EXERCISE PROMPT: Return every line of the entries that includes the word "sale".

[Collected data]
★ ★ ★ ★ ★
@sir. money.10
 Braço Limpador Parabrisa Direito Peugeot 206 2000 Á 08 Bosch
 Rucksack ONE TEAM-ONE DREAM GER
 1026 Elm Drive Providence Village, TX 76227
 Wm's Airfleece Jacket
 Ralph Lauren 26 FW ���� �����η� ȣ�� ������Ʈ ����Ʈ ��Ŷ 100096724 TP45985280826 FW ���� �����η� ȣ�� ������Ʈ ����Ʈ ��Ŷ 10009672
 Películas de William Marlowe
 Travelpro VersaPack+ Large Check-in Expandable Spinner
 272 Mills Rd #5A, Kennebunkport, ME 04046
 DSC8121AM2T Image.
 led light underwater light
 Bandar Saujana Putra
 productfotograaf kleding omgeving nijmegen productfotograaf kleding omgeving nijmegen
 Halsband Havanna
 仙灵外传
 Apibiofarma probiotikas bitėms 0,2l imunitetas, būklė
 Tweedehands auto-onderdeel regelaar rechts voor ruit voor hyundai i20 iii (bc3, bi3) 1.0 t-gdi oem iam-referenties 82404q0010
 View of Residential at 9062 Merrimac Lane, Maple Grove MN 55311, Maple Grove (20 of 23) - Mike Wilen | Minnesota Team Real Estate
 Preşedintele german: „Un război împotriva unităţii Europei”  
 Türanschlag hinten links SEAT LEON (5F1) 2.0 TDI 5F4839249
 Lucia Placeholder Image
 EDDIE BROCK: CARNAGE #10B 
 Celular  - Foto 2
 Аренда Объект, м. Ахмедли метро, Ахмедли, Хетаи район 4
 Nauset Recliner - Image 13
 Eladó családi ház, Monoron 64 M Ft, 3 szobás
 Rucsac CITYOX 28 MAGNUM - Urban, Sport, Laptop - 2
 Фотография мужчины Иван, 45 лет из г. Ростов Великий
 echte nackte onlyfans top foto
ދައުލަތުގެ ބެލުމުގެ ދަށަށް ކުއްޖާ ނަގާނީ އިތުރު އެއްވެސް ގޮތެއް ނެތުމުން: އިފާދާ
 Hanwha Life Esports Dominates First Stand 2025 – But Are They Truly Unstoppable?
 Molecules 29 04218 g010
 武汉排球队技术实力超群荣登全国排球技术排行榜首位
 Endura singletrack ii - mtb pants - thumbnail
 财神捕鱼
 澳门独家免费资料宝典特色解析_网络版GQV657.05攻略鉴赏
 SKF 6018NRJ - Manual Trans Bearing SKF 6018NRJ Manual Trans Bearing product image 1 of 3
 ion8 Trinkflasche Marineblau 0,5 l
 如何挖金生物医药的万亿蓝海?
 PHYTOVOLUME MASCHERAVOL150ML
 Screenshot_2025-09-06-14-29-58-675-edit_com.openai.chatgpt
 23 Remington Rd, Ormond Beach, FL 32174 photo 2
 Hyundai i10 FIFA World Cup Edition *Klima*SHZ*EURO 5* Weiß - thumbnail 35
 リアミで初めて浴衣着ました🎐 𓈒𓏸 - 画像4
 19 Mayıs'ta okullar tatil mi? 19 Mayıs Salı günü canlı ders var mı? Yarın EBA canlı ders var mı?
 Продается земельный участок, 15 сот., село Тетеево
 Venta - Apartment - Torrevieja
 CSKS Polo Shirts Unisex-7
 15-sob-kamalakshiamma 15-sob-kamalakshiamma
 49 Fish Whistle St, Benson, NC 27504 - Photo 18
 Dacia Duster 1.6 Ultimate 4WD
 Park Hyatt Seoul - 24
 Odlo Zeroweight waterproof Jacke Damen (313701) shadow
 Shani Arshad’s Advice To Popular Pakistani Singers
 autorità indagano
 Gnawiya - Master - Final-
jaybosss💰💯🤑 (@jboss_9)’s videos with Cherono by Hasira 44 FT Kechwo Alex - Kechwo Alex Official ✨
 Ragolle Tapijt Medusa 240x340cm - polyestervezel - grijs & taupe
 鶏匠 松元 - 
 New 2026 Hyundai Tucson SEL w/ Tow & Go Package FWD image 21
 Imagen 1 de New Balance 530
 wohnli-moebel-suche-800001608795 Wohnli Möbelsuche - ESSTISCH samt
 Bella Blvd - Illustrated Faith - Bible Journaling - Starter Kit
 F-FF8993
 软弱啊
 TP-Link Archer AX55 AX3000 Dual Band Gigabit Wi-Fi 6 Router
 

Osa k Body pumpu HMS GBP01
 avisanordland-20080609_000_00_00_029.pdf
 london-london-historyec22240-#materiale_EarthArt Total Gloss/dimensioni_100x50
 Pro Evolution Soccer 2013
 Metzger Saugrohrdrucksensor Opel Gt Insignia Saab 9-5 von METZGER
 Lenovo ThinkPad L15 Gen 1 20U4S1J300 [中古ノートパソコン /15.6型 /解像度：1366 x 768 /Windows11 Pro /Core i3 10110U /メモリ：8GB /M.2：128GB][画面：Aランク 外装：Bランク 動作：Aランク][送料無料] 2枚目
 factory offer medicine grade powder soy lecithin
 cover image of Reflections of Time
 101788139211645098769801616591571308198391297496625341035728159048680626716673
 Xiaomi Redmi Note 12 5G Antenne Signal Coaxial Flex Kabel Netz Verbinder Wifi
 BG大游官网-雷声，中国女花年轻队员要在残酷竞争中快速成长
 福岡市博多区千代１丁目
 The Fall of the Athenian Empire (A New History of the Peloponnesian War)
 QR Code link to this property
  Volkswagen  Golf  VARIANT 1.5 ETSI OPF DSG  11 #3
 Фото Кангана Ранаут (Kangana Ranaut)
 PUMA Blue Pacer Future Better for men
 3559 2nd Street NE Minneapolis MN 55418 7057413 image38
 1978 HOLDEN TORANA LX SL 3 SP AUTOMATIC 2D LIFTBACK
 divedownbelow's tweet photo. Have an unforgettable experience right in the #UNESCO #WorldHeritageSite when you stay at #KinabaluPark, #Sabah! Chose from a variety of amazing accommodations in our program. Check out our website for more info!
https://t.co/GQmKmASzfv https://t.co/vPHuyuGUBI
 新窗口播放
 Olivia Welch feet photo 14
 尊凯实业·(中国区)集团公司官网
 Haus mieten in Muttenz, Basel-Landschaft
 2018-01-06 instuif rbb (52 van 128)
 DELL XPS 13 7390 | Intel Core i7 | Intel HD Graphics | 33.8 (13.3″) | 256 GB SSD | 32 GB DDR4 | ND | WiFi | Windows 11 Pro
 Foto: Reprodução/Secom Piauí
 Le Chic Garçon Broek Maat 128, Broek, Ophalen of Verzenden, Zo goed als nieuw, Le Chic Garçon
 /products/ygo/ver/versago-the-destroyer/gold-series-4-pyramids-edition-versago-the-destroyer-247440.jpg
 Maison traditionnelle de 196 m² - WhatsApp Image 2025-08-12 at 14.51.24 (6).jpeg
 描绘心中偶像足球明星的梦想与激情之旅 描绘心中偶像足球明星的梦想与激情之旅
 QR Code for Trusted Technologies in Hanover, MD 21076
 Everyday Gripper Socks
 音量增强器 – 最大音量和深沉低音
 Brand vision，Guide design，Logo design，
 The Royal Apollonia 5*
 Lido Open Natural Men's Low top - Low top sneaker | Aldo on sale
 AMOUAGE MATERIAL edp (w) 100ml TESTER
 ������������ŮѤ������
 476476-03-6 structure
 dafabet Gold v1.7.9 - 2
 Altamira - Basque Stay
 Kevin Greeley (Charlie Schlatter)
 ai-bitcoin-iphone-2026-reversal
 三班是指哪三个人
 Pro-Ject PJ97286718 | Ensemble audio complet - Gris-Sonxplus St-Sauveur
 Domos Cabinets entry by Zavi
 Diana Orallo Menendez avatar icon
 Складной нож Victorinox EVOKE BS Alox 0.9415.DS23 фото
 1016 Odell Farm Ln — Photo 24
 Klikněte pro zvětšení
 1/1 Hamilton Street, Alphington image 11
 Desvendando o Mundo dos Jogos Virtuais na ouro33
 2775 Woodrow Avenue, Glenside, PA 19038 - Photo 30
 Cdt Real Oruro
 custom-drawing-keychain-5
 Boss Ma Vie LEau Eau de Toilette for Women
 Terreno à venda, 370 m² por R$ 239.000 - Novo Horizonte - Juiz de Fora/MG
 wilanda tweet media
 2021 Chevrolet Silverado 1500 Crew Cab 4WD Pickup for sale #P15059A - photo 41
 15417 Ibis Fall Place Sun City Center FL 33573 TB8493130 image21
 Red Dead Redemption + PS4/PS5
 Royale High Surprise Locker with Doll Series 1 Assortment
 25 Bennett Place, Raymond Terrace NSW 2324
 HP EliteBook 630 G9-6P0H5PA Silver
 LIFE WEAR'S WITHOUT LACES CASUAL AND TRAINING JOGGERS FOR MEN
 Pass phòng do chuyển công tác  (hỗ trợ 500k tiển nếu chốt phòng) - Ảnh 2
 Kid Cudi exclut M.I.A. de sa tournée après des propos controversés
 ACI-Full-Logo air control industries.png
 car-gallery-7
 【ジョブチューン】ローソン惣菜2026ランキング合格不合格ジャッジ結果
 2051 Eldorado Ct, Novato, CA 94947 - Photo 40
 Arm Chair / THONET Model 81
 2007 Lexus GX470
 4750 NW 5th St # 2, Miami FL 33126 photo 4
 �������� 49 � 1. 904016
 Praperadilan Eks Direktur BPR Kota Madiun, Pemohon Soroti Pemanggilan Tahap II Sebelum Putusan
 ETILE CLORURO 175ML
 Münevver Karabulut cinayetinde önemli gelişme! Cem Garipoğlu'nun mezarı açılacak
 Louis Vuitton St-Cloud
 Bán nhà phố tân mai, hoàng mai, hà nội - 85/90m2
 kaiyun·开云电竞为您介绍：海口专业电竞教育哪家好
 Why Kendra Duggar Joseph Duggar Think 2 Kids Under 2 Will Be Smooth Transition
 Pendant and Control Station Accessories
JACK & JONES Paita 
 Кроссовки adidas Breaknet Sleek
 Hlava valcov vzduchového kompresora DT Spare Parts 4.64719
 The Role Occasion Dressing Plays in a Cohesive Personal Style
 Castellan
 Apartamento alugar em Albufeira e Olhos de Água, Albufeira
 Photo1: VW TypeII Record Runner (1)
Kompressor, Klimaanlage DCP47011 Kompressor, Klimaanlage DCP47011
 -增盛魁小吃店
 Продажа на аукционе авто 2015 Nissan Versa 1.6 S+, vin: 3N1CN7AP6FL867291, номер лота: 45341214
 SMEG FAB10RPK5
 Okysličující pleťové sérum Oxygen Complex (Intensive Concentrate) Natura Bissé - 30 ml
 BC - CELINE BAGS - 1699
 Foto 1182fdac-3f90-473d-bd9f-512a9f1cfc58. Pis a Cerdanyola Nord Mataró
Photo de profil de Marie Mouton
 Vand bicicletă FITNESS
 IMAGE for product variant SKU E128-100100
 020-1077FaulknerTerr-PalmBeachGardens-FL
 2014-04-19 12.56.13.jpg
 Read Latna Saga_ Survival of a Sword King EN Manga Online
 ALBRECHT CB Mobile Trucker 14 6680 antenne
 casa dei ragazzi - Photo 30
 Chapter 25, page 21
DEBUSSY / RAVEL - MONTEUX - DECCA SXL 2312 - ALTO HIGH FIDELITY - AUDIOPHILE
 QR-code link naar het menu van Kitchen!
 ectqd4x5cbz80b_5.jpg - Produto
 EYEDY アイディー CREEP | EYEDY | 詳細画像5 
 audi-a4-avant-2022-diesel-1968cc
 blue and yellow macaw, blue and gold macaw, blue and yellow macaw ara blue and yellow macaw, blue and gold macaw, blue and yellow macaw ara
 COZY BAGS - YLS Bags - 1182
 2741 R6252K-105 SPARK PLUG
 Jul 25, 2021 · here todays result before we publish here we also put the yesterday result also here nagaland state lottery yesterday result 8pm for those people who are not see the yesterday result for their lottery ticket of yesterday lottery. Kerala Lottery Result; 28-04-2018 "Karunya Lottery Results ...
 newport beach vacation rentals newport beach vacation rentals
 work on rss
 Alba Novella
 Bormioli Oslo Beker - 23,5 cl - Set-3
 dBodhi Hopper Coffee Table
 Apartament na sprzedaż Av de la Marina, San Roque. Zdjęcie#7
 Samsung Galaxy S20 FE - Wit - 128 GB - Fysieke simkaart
★ ★ ★ ★ ★
ANSWER BOX:
 Lido Open Natural Men's Low top - Low top sneaker | Aldo on sale
 2021 Chevrolet Silverado 1500 Crew Cab 4WD Pickup for sale #P15059A - photo 41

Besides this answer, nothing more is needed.